The Alabama Center for Law & Civic Education (ACLCE) is dedicated to educating young citizens in the areas of civic knowledge, skills and responsibilities. ACLCE, a 501(c)(3) nonprofit civic organization established in June 1990, is a nationally recognized resource and training center for teachers, school resource officers and community leaders. Located inside Samford University’s Cumberland School of Law, ACLCE is a non-partisan organization and the only entity of its kind in Alabama that provides civic and law-related education. The goal of ACLCE is to prepare youth to become active, engaged, and informed participants in a democratic society.
There are two programs in which Cumberland School of Law students can get involved: We the People: The Citizen and the Constitution and We the People: Project Citizen.
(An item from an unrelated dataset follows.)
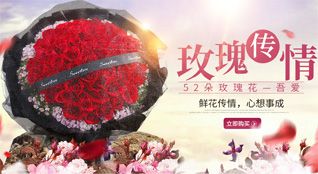 贵州黔南州龙里县湾滩河镇翠微村鲜花速递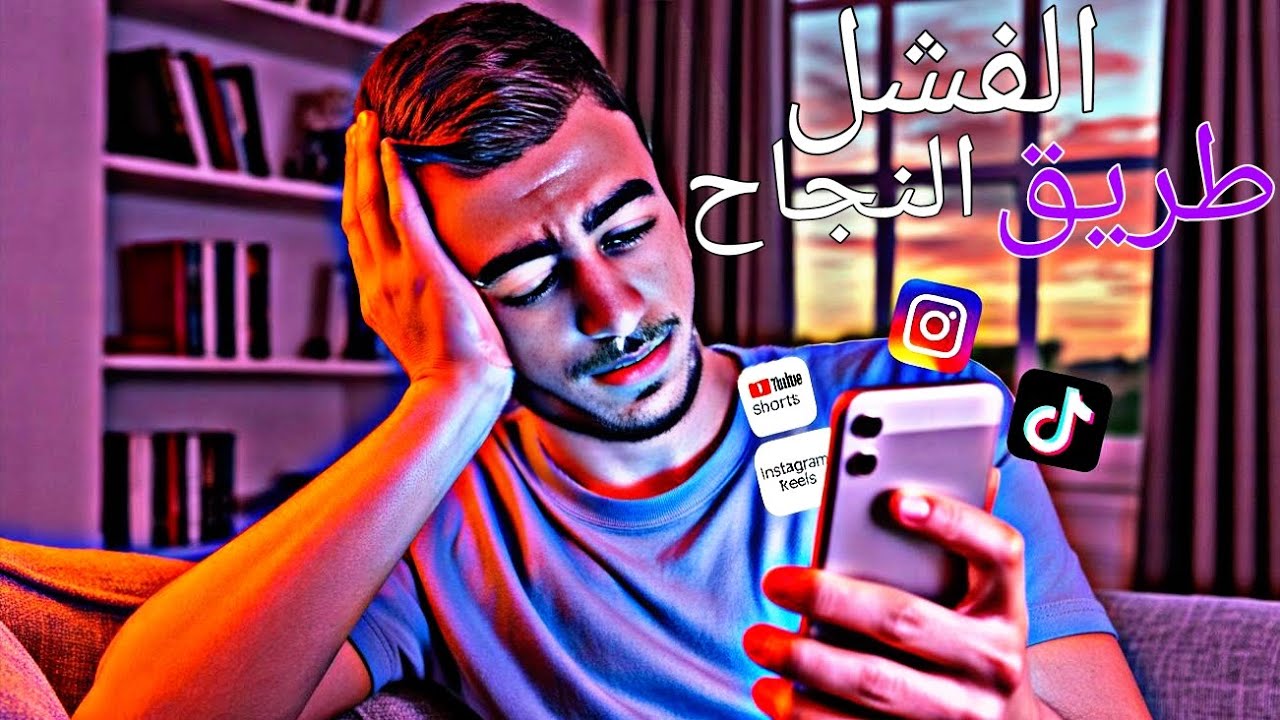 شنو العلاقة ديال الفشل مع التغيير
ACLCE seeks volunteers to work with students and teachers in the public and private schools in the area. These opportunities for community involvement are a benefit to the law student as well as students who are enriched by the participation.
We the People: The Citizen and the Constitution
This program is offered to middle and high school students who will study the history and principles behind the American constitutional democracy. The program’s culminating activity is a simulated congressional hearing, where students are given the opportunity to demonstrate their knowledge while they evaluate, take, and defend positions on relevant historical and contemporary issues. The law student volunteers will become familiar with the state questions for the Simulated Congressional Hearings in the local Congressional district which are generally held the first week in December. Using the information learned in the training seminar, the volunteers help mentor/coach students at one or more of the participating schools. Students may also serve as judges for the middle and high school hearings.
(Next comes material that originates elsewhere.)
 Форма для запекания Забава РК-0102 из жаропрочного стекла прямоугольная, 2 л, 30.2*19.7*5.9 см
We the People: Project Citizen
This curricular program at the middle school and high school levels promotes competent and responsible participation with government at all levels. The program helps participants learn how to monitor and influence public policy while developing support for democratic values and principles, tolerance, and feelings of political efficacy. The students will create a detailed project board along with a documentation binder.
The law student volunteers become familiar with the guidelines for the projects. They will go into the schools and work with groups of students as they learn about public policy and its constitutionality. The law volunteers will help guide the students in their research of potential solutions. Using the information learned in the training seminar, the volunteers help mentor/coach students at one or more of the participating schools. Students may also serve as judges for the middle and high school projects.